Hi! This post is a revised version of some remarks I gave on a “Space and Place” panel at ACH 2019. It’s also a kind of roundup of some conversations that happened at this fantastic conference. Many of the images here are screenshots of slides from my talk. Thanks to everyone cited here who informed my thinking; any faults or bad takes are completely my own.
One of the more popular tweets to come out of the first Association for Computers and the Humanities Conference (#ACH2019 on Twitter) was the observation by Kristen Mapes (who is great!) that there seemed to be “a call for slow DH, for spending time with archives and data and material and the people within them.” I agree that there seemed to be a lot of advocates for “Slow DH” in Pittsburgh, and I wanted to think about these investments from the perspective of a digital public humanities practitioner who works with non-academic community partners, collaborators, and publics.
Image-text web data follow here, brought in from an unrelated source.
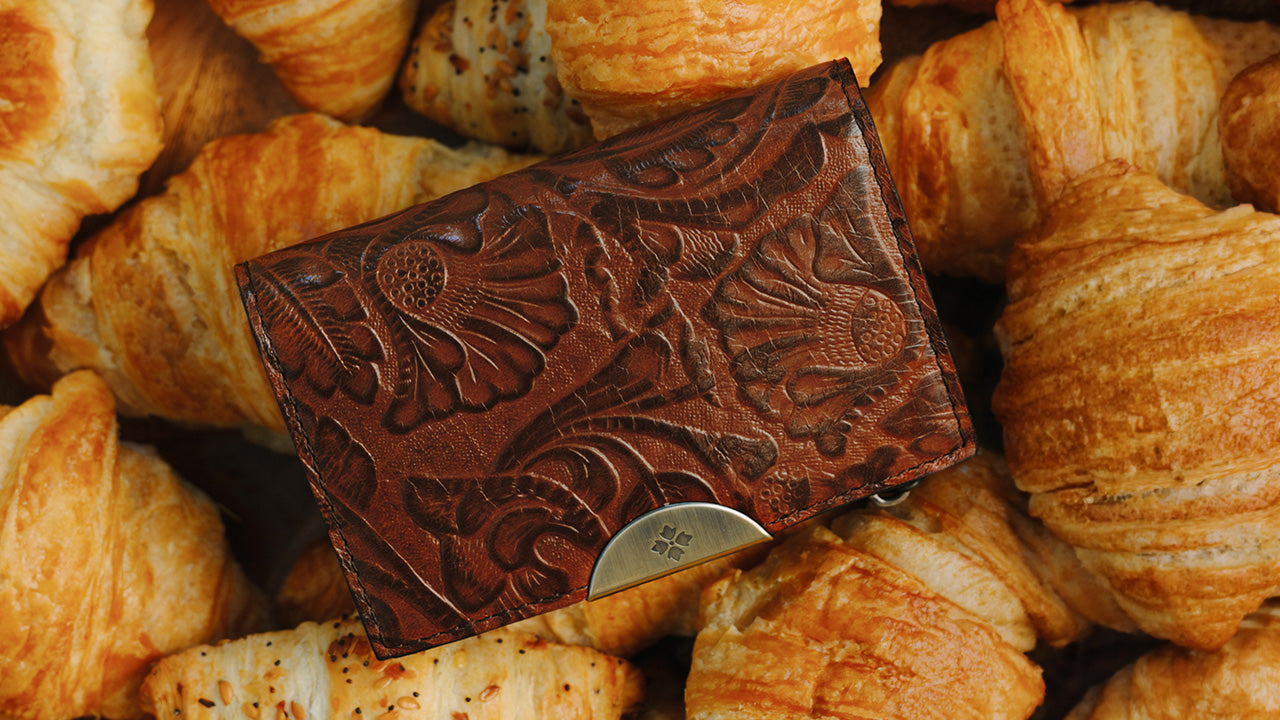 A dark brown embossed leather card holder wallet with a silver metal snap button, resting on a pile of golden-brown croissants.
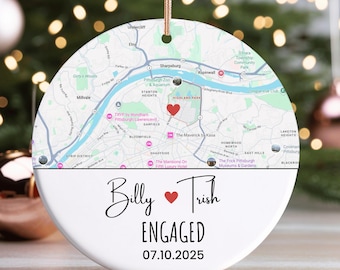 May include: A white ceramic ornament with a map design and the words "Billy ❤️ Trish ENGAGED 07.10.2025." The top half features a map with a red heart. A gold string is attached for hanging.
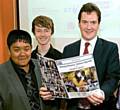 FROM us to you . . . Oldhamer Abdul Momin (left) and Oliver Lunt, from Altrincham, present George Osborne with their Action Agenda 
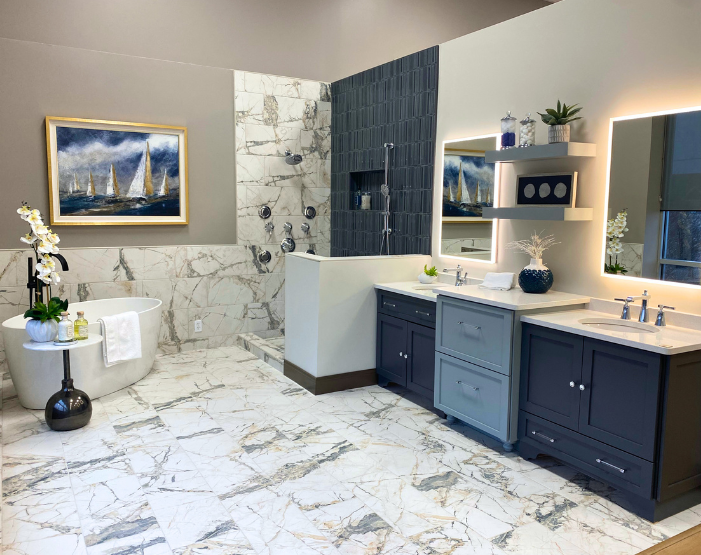 Blue vanity cabinets in a bathroom display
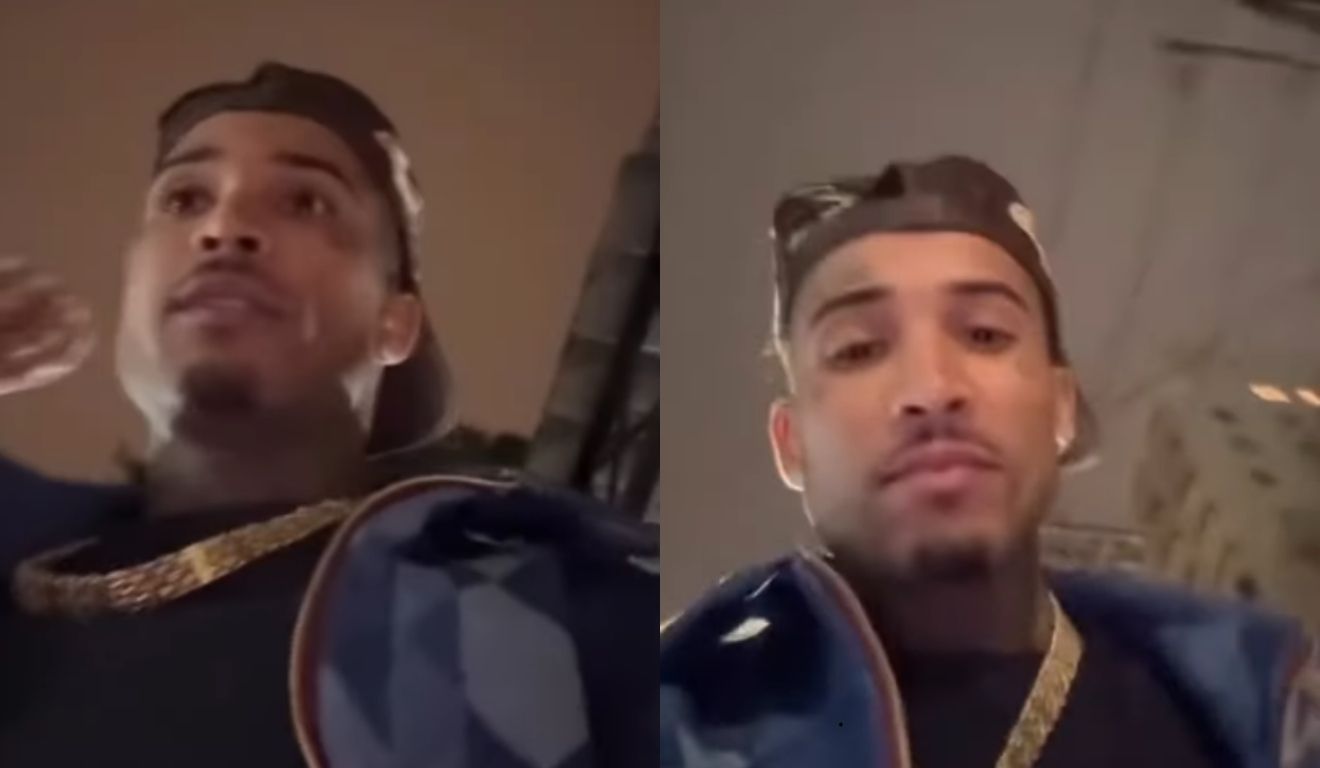 gato preto sendo preso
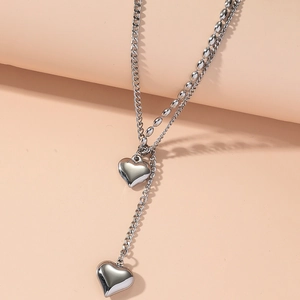 Elegant silver double-layer Y-shaped necklace with polished heart pendants in stainless steel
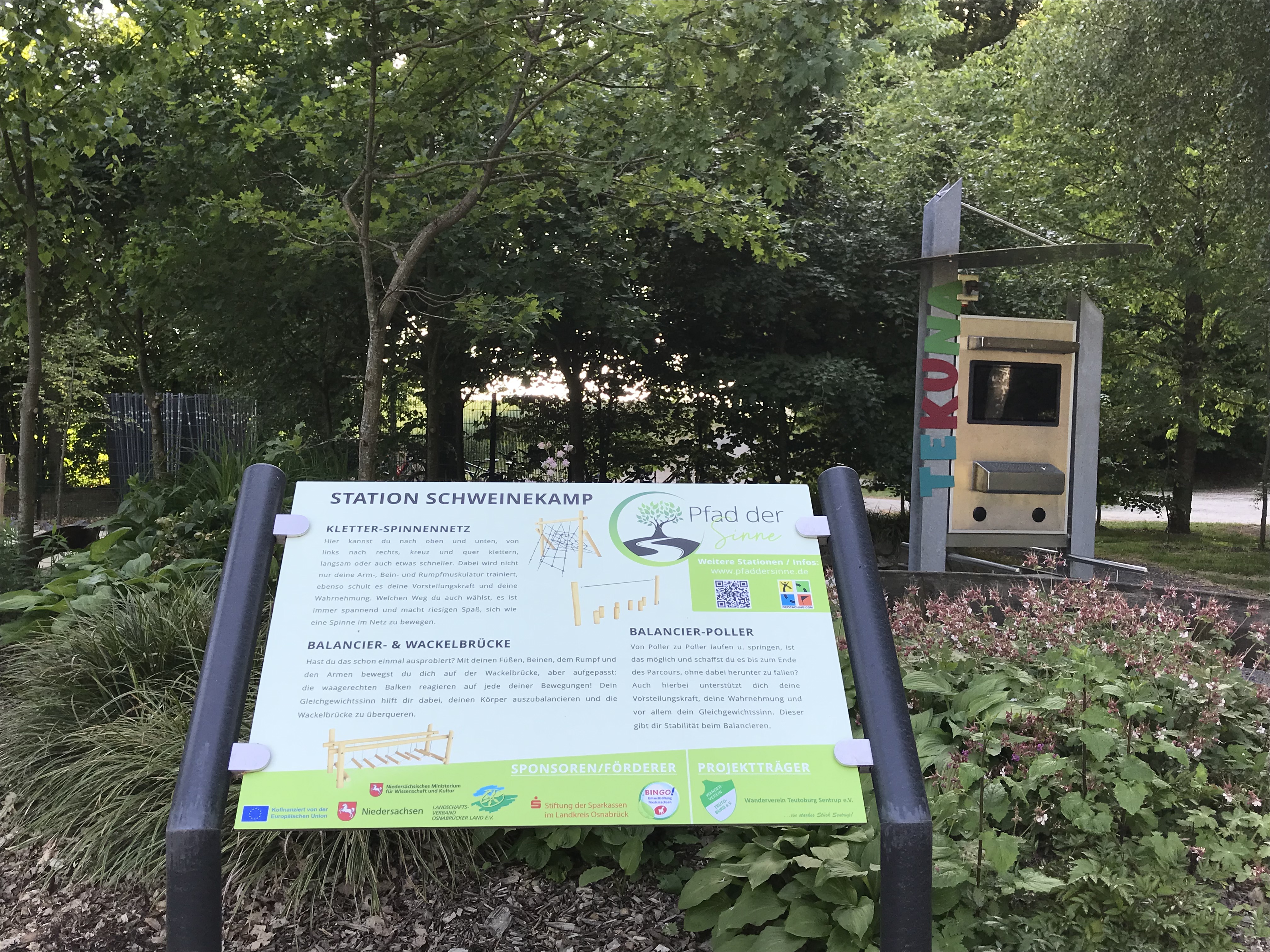 Infotafel an der Station Schweinekamp, dahinter Spielgerät und Bäume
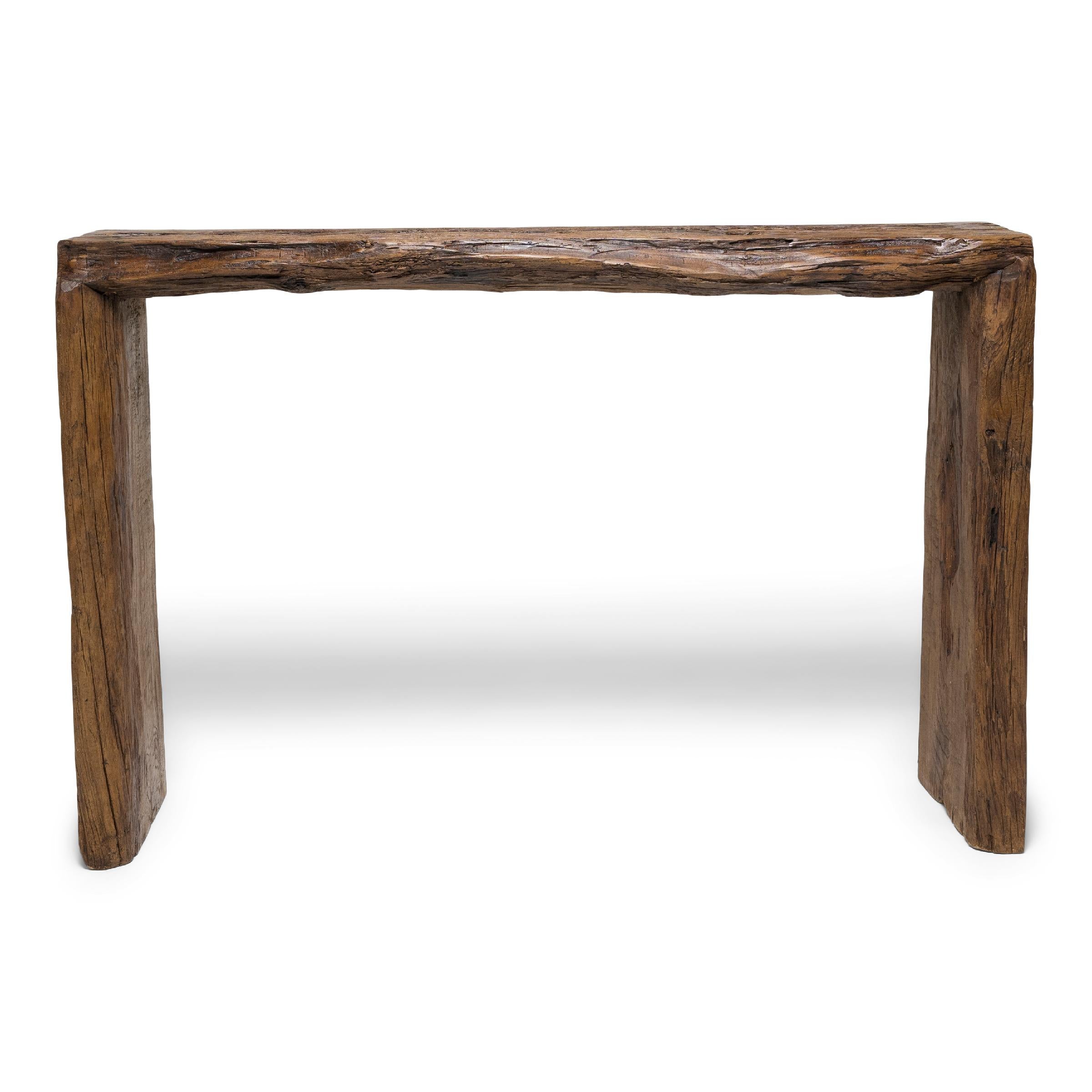 This contemporary console table is a celebration of wabi-sabi style. Crafted of wood reclaimed from Qing-dynasty architecture, the table has a minimalist waterfall design with dovetailed corners that recreate traditional joinery methods and add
On the Minimal Computing roundtable at ACH, Marisa Parham asked “What does it mean to validate new kinds of work?” and I think this question has a lot of relevance to place-based digital public humanities initiatives, many of which involve forms of collaboration with off-campus stakeholders, non-academic publics, speculative dimensions, people in precarious positions. In considering when and how digital public humanities might complement “slow” work with faster and more public-facing benchmarks and outputs, I want to acknowledge that the validation of these forms of labor requires that our institutions reimagine and reevaluate how it staffs centers, labs, and departments, how our “conditions of possibility” (a phrase I have heard Thomas Padilla use in other contexts) are inevitably limited if we do not attend to the various institutional realities shaping the work of digital public humanities.
On another ACH panel this past week, Stuart Varner asked, “Is the library solely a collections space, or is it also a productive space?” An ethical approach to acknowledging the realities of collections and preservation work might consider how laborers traditionally aligned with these tasks might be explicitly resituated to do alternate forms of digital scholarship, but I also strongly believe that creating “productive spaces” in libraries and other institutional spaces requires us to create space for valued and compensated collaborators with experience and knowledge of various forms of production that are speculative, community-oriented, iterative, designed with knowledge of particular publics and their needs and interests.
It’s exciting to see “public digital humanities” as a major sub-topic of next year’s international DH conference. But as a specialist in digital public humanities speaking from the perspective of contingent labor, I’m also skeptical of occasions when DH practitioners have conveniently (but not always convincingly) decided that they already do work that resonates with various publics and meets their needs and interests. If we are serious about supporting digital public humanities or public digital humanities, then we need to work on how our institutions value its specialists, its forms of collaboration, its needs at the levels of design and outreach and implementation. There’s often a pretty wide gap between the grant application or the conference paper and the realities of doing digital public humanities.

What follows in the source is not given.